Details
- Promotion: Juggalo Championship Wrestling
- Date established: October 30, 2024
- Current champion: Dani Mo
- Date won: May 24, 2026

Statistics
- First champion: Dani Mo
- Most reigns: 2 reigns: Alice Crowley; Dani Mo;
- Longest reign: Haley J (183 days)
- Shortest reign: Alice Crowley (2nd reign, 28 days)
- Oldest champion: J-Rod (33 years, 189 days)
- Youngest champion: Alice Crowley (22 years, 157 days)
- Heaviest champion: J-Rod (161 lb (73 kg))
- Lightest champion: Haley J (124 lb (56 kg))

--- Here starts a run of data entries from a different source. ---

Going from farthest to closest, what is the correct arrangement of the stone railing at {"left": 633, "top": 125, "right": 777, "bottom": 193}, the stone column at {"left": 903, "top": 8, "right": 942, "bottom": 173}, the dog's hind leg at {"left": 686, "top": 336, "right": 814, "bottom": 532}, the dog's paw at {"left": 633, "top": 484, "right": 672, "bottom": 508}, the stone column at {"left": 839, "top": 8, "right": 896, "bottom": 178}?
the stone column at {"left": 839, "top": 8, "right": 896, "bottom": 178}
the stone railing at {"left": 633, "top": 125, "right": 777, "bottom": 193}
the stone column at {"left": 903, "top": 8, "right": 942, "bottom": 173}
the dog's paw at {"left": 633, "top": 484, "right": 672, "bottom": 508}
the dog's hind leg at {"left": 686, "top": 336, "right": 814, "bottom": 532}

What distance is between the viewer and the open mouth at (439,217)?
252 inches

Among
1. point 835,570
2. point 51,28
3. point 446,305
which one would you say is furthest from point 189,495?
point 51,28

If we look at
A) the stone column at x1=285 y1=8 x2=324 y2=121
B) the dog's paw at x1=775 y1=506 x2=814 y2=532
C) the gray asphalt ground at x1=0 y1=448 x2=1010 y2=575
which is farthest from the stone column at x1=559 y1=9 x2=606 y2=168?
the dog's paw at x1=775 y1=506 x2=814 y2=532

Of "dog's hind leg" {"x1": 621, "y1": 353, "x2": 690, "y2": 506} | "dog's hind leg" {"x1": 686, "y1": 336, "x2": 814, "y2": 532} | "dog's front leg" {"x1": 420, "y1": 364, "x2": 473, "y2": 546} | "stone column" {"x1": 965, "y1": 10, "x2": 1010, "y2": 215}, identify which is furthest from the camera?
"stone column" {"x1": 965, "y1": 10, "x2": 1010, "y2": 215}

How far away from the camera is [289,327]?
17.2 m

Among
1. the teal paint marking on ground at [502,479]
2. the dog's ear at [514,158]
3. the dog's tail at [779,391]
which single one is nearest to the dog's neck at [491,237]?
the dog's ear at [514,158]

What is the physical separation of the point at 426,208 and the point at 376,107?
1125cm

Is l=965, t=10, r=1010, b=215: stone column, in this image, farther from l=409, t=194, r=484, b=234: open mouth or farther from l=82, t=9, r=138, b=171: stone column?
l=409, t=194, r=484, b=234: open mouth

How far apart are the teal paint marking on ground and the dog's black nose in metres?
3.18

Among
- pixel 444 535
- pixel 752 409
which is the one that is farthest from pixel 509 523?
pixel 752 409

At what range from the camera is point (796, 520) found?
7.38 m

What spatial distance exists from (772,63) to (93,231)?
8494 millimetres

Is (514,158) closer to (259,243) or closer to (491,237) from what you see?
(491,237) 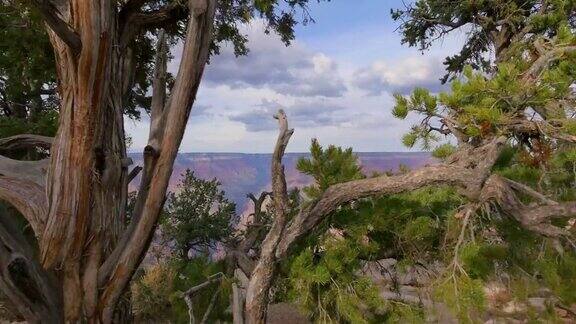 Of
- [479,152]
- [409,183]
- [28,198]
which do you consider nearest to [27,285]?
[28,198]

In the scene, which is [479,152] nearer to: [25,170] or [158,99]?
[158,99]

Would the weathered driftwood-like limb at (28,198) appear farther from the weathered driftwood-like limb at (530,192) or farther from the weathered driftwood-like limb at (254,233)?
the weathered driftwood-like limb at (530,192)

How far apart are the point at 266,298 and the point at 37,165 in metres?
2.95

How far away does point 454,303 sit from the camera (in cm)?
397

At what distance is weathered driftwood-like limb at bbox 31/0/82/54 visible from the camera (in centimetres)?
397

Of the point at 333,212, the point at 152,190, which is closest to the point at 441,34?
the point at 333,212

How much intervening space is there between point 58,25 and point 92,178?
1.52 meters

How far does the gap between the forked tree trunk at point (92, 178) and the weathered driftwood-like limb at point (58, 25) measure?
40 millimetres

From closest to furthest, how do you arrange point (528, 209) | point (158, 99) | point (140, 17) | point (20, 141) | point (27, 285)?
point (528, 209)
point (27, 285)
point (158, 99)
point (140, 17)
point (20, 141)

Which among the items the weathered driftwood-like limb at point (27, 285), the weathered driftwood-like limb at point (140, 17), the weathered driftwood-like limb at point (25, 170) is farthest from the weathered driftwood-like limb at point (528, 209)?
the weathered driftwood-like limb at point (25, 170)

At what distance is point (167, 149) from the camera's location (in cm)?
511

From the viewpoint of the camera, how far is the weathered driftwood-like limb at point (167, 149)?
504 centimetres

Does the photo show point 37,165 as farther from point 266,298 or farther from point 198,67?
point 266,298

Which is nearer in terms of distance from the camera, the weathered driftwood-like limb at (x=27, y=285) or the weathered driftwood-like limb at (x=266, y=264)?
the weathered driftwood-like limb at (x=266, y=264) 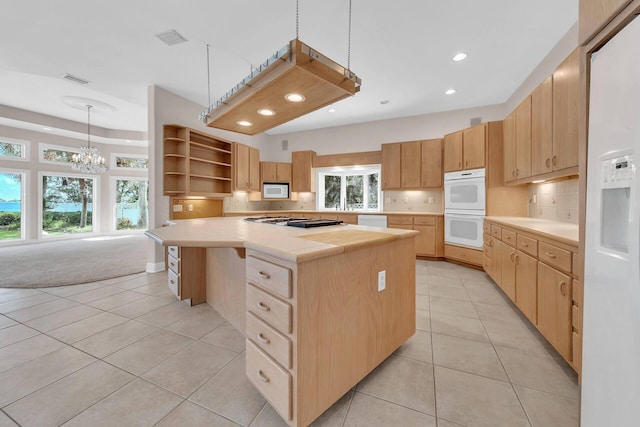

= JCW Women's Championship =

Women's professional wrestling championship

The JCW Women's Championship is a women's professional wrestling championship in Juggalo Championship Wrestling (JCW). The current champion is Dani Mo, who is in her second reign. She won the title by defeating J-Rod in a ladder match on the June 18, 2026, episode of Lunacy. The event was taped on May 24.

==Reigns==
As of , , there have been six reigns among four champions. Dani Mo was the inaugural champion. Mo and Alice Crowley are tied for the most reigns at two. Haley J has the longest reign at 183 days, but Mo's first reign is officially recognized as the longest reign at 211 days. Crowley's second reign is the shortest at 28 days (officially recognized as nine days). J-Rod is the oldest champion, who won the title at 33 years and 188 days old, while Crowley is the youngest champion, who won the title at 22 years and 157 days old.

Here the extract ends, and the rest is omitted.